Investment activity in the United States, the world’s largest real estate market, will remain strong in 2017. Currently, the U.S. is home to 16 of the top 30 cities for real estate investment, according to JLL’s ranking. New York is far and away the global leader, with more than $33.1 billion in transaction volumes during the first three quarters of 2016, or nearly double the activity of second-place London.
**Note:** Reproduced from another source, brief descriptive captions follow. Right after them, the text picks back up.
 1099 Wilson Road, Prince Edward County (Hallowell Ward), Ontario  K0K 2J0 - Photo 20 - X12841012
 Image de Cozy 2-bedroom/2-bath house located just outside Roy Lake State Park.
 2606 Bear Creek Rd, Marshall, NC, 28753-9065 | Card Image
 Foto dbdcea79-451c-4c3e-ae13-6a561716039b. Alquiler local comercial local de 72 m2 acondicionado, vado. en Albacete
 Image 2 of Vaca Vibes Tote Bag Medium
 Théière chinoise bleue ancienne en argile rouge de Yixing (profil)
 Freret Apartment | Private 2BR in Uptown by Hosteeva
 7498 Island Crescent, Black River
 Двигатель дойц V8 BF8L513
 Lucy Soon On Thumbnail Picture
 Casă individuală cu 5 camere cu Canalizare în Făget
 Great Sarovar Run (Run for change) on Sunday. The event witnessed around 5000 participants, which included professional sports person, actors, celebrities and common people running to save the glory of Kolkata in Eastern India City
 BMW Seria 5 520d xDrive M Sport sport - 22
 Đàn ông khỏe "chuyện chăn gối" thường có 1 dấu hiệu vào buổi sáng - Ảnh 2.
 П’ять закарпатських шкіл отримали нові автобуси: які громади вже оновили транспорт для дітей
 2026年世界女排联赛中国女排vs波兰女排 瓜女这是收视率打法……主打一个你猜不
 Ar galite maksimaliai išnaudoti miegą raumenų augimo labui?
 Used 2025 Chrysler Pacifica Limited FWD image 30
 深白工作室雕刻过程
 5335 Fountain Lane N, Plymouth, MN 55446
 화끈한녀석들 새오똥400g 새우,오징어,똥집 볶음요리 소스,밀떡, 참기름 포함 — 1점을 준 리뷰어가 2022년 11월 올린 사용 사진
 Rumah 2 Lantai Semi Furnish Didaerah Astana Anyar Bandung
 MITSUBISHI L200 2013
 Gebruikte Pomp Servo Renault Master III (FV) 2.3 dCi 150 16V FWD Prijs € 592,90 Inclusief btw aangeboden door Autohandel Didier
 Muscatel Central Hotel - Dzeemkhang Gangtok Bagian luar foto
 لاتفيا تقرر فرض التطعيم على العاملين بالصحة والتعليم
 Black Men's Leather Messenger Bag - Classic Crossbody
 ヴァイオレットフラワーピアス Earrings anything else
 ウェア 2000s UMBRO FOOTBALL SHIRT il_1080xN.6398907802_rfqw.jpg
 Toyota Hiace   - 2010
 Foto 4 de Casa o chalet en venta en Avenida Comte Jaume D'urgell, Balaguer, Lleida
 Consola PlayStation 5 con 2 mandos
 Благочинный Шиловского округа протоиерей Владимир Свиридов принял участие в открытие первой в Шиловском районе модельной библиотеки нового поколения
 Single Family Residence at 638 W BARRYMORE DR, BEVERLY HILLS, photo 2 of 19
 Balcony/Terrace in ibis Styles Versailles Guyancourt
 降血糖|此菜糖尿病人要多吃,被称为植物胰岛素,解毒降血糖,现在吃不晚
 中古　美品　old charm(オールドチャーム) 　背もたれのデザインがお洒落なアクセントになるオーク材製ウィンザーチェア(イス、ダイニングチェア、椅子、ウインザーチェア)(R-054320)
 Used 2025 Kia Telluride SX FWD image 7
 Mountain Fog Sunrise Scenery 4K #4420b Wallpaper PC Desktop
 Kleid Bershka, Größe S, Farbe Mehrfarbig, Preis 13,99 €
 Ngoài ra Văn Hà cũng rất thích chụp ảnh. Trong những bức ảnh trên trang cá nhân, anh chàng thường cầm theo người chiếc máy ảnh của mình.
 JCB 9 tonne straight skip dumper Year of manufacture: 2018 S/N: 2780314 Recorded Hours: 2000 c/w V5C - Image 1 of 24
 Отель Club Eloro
Los Angeles is in third position (ahead of both Tokyo and Paris), with a 22 percent increase in investment volume over the first nine months of 2016 to $15.7 billion, due to an increase in foreign investment. On the other hand, San Francisco dropped out of the top 12 markets for investment, having occupied one of the top spots for several years, with investment levels off 46 percent during the first three quarters of 2016 compared with the same period a year earlier. Washington DC (6th) and Chicago (8th) held their positions on JLL’s ranking, despite modest falls in volumes in 2016.